For the molecular docking, the protein used was the crystal structures of SARS-CoV-2 3CL protease with the pdb code 6m2n [23]. The protein was optimized by Protein Preparation Wizard module in Maestro Schrödinger 2020-3 software (Schrödinger, New York, NY, USA) [38,39]. The missing hydrogens were added during optimization process, and partial charges were also assigned using OPLS_2005 forcefield. Moreover, hydrogens and heavy atoms in protein were prepared in restrained minimization state. The 2D structures of Z. officinale compounds identified from LC-MS/MS analysis were converted to 3D structures using Maestro Schrödinger 2020-3 by LigPrep Module and OPLS_2005 forcefield with pH adjusted 7.4 via Epik [40]. LigPrep facilitated the protonation, tautomeric, and ionization states of each compound, as well as correct proper bond orders. In order to specify the docking region, the grid box was distinguished by selecting co-crystallized ligand of protease receptor to maintain that the center of docked compounds is in a similar dimension with the binding box.

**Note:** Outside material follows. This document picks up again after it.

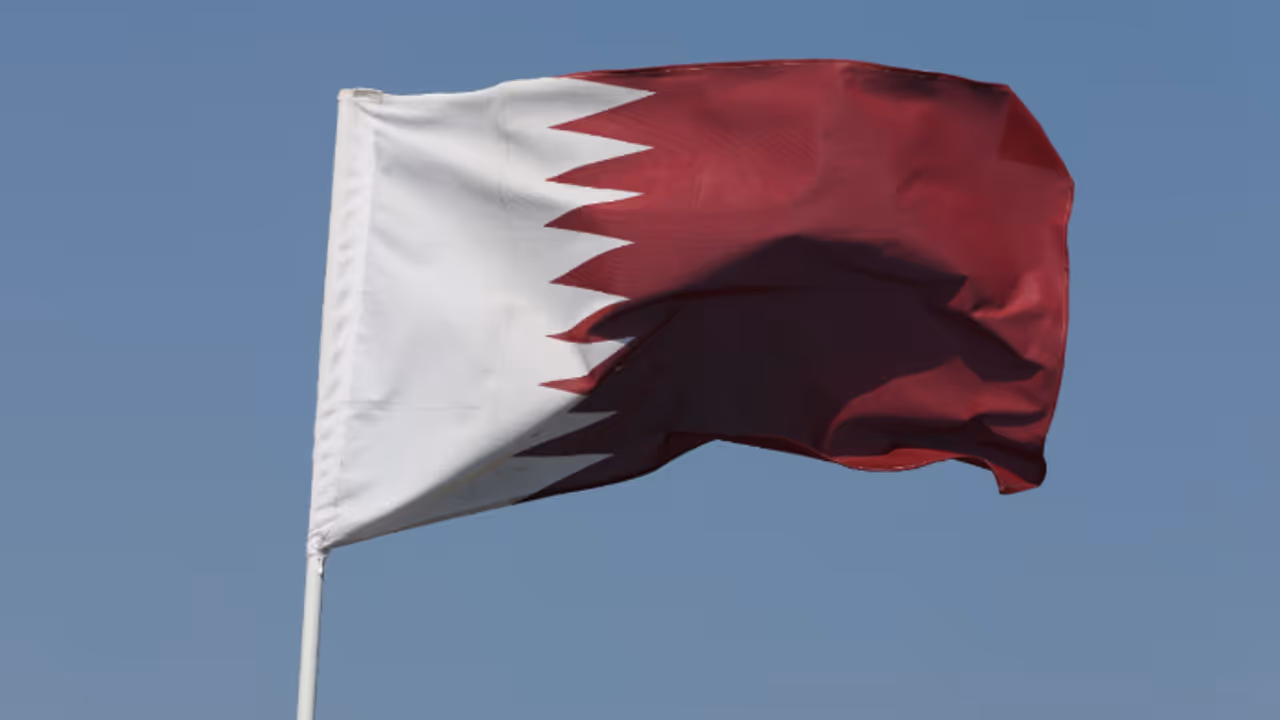 qatar flag qatar flag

Docking protocol was run in extra precision (XP) mode through Glide using OPLS_2005 forcefield with flexible ligand and rigid receptor conditions [41,42]. To evaluate the potential of each ligand as 3CL protease inhibitor of SARS-CoV-2, molecular mechanics-generalized Born surface area (MM-GBSA) was used for scoring the docked pose of the ligand [21,43,44].

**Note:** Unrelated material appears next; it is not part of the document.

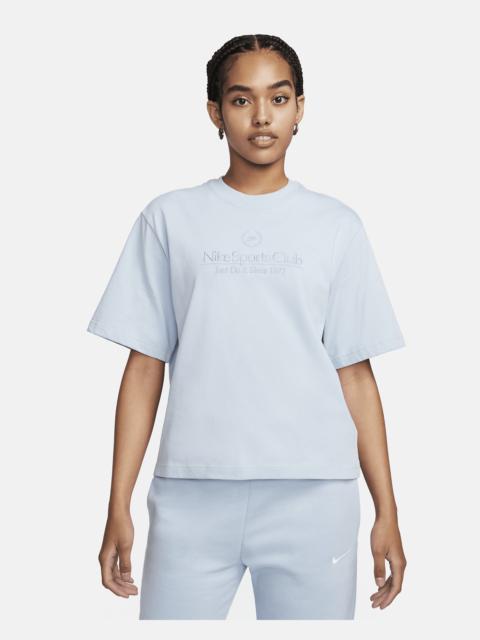 Nike Women's Nike Sportswear Heritage Boxy Tee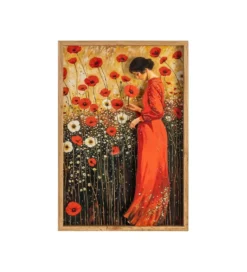 Obraz MADAM FOWER 43 x 63 cm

4.7. SARS-CoV-2 3CL Protease In Vitro Inhibition Assay

The assay buffer was prepared by adding 12 μL 0.5 M DTT for a total of 6 mL of assay buffer, which then would be furtherly used. The enzyme and the substrate were each diluted separately by adding, respectively, 3.95 mL and 950 μL of the previously prepared assay buffer (with DTT). The sample for the assay was prepared by dissolving it in DMSO at 100-fold concentration than the final or required concentration in a 96-well microplate. The final concentration of the sample was 200 µg/mL~500 µM. Inhibitor control used in this assay was a peptidomimetic called GC376 diluted in 200 μL water for 500 μM solution. The assay was carried by adding them in the following order: 30 μL of enzyme (5 ng/μL), required volume of sample or inhibitor (GC376), and assay buffer (with DTT) (if necessary) to a total volume of 40 μL. The initial mixture was incubated for 30 min at 25 °C with slow shaking, and then followed by the addition of 10 μL of substrate (250 μM) for a mixture with the final volume of 50 μL. The mixtures were then incubated overnight and measured with Synergy HTX-3 Multi-mode Reader (Winooski, VT, USA) at 360/460 nm.

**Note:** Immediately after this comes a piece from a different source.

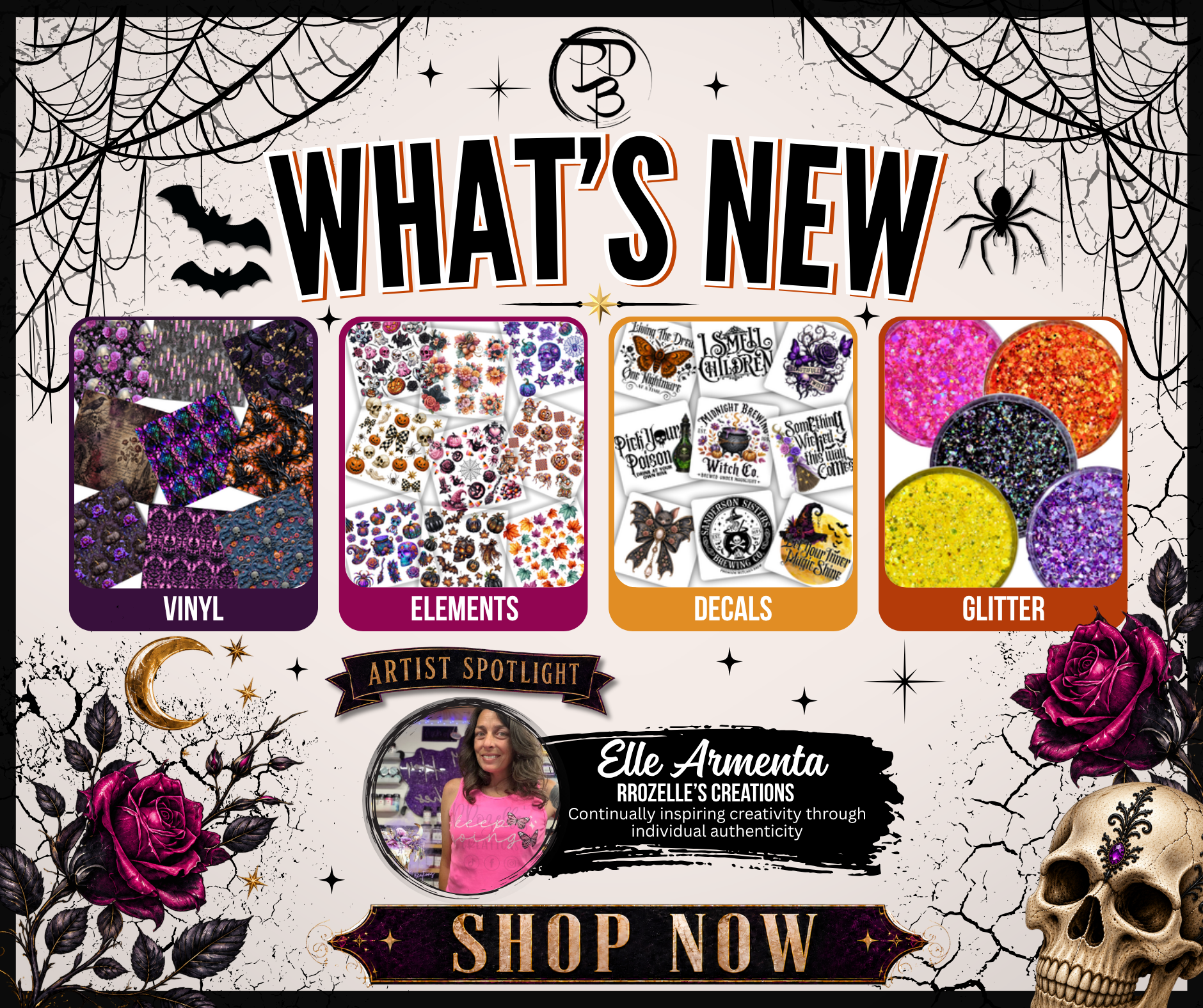 PDB Creative Studio Facebook ad: Spooky Season Starts Here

4.8. Molecular Dynamics Simulation

A molecular dynamics (MD) study was conducted using the Desmond module in Schrödinger software (Version) [45,46,47]. Before commencing the MD process, the system was constructed by selecting ligand-protein complexes and submerged them into an SPC (simple point charge) water box at 10 Å. Moreover, to the system was added Counter ions (33 Na+, and 29 Cl− ions), to neutralize charges; additionally, Salts ions (sodium and chloride) were also set to 0.15 M to approximate physiological conditions. The MD simulation was conducted in NPT conditions (temperature 300 K and pressure 1.63 bar) for 50 ns with recording intervals set to 1.2 ps for energy and 20 ps for trajectory. Afterward, the MD simulations were run with the OPLS_2005 forcefield.

5. Conclusions

GC-MS, LC-MS/MS analysis, and docking molecular simulations were successfully used to identify the potential compounds from Zingiber officinale plant with the activity as inhibitor for SARS-CoV-2 3CL protease enzyme. Compound 6, 7, and 8 were steroid class compounds, found in pseudostem part, that showed low values of predictive binding energy (MMGBSA). Further purification and NMR characterization led to the structure of 6 that showed inhibitory activity 75%, slightly less than the positive control GC376 (77%). Further molecular dynamics simulation showed that 6 was found to be more stable during 100 ns molecular dynamics simulation.